In my dreams, when I am old I am still cognizant and alert. I can still read books, and I can follow current events. Maybe someone can cook and clean for me (YES!), but I can do other stuff and still have fun.

That's the ideal, of course. How many of us will actually be that way when/if we reach the age of 100? I have my mom's example.. maybe I'll be as lucky and still be sharp and aware like she is, at least into my 90s. One can hope.

Life can be full of tricks and surprises. Who knows what is in store? No one. And sometimes the glimpse into the future isn't all that appealing.

Auntie is still beautiful, and she is sort of aware of things, but only briefly. Then you start all over again, and she's surprised, again, that her niece is related to her family. She lives in a tiny circle.

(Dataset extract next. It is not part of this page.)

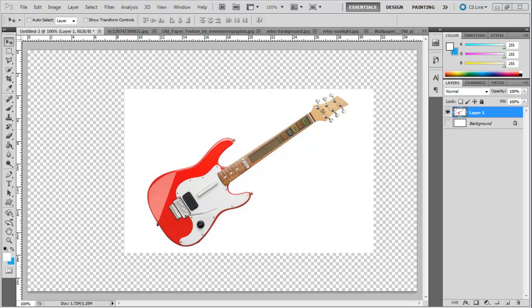In this tutorial, we will learn how to work with retro textures to create a poster in Photoshop.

I am making Auntie a small lap quilt. She talked about "the Little One" in her lap who gets cold; she has to keep rubbing her to keep her warm. So I offered to make a blanket. Auntie told me her favorite color is blue. She won't remember that I was even there, much less that I offered to make her a blanket, but I'm doing it anyway. After all, there's that Little One to keep warm.

Here's the lap quilt, before being quilted. I hope to finish it in the next few days. When the recipient is 100, a quilt needs to be made quickly. Who will make me a quilt when I'm 100? I'm not so sure I want to get there to find out.

I measured Auntie's lap with my hand and determined this would be about the right size. It measures 31" x 35".


BrendaLou said...

she may not remember who made the lap quilt for her, but she'll enjoy it (and it's Blue! her favorite color). Bless you for your thoughtfulness.

Jeanne said...

Lovely and loving quilt, poignant post!

Andi said...

My husband's grandma just turned 101! I made her a jelly roll quilt for Christmas and she thanks me every time I see her. And that's why I quilt, to cover people in love:-)

KC said...

What a lovely, sad and thought provoking post. Thank you. We just moved my 96 year old mother from assisted living to memory care. Dementia is not a kind disease as otherwise my mother is very healthy. I heard on the news yesterday that 1 in 3 people over the age of 65 will suffer with a form of dementia. Not a very comforting bit of information.